→ **WHAT YOU ARE ASKED TO DO**:
Everything from the line holding "Blue & White" to the last line of the material below must be retyped exactly, minus any pictures.

SOURCE MATERIAL Block Start

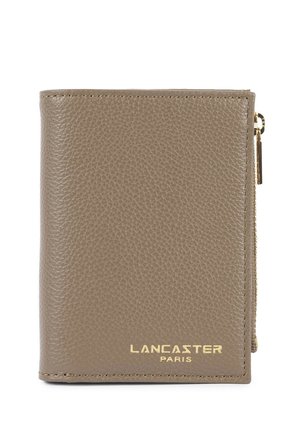 Taupe textured leather folded wallet with gold zipper and Lancaster Paris logo embossed in gold on front.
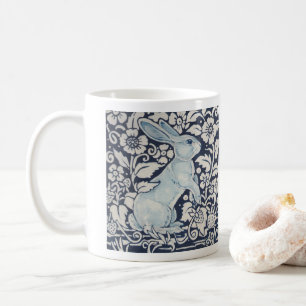 Blue & White Rabbit Painting Woodland Floral Berry Coffee Mug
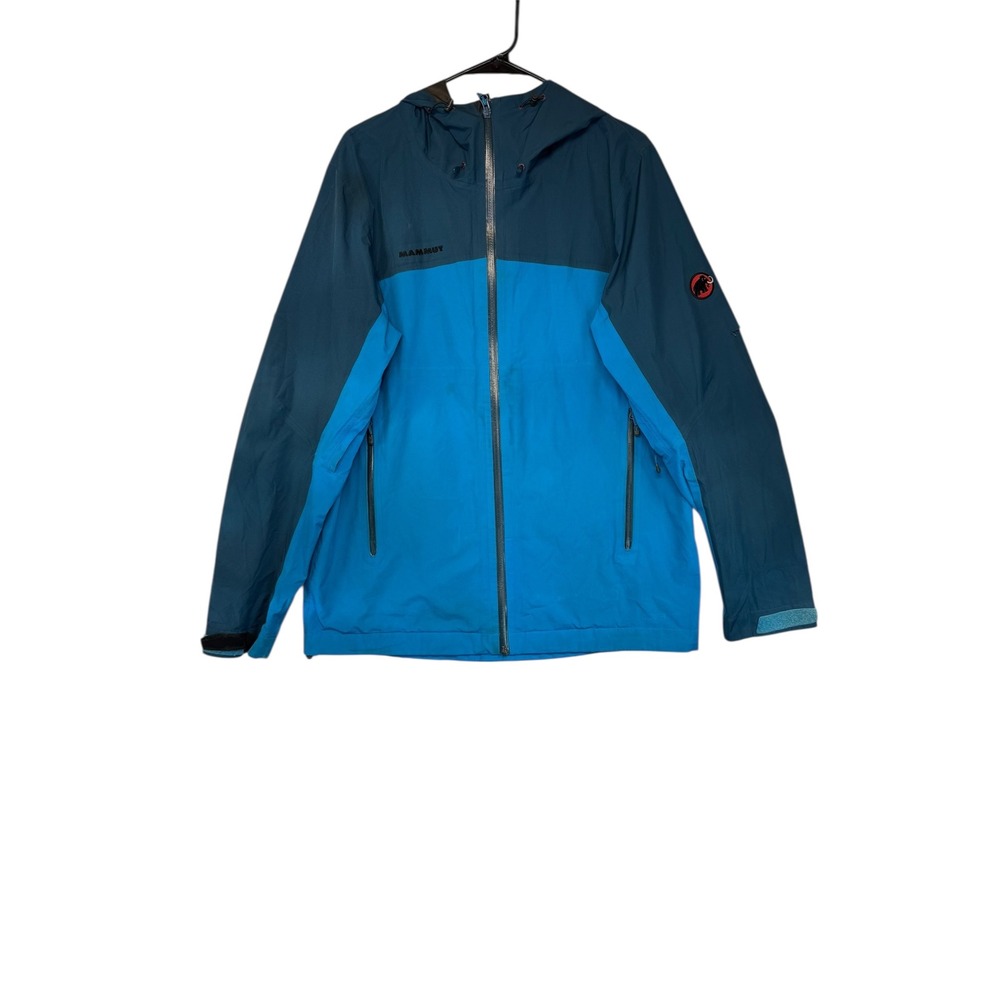 Mammut Mens Waterproof Hooded Rain Jacket Blue‎ Teal Outdoor Adventure L Flawed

SOURCE MATERIAL Block End

→ **RESULT**:
 Blue & White Rabbit Painting Woodland Floral Berry Coffee Mug
 Mammut Mens Waterproof Hooded Rain Jacket Blue‎ Teal Outdoor Adventure L Flawed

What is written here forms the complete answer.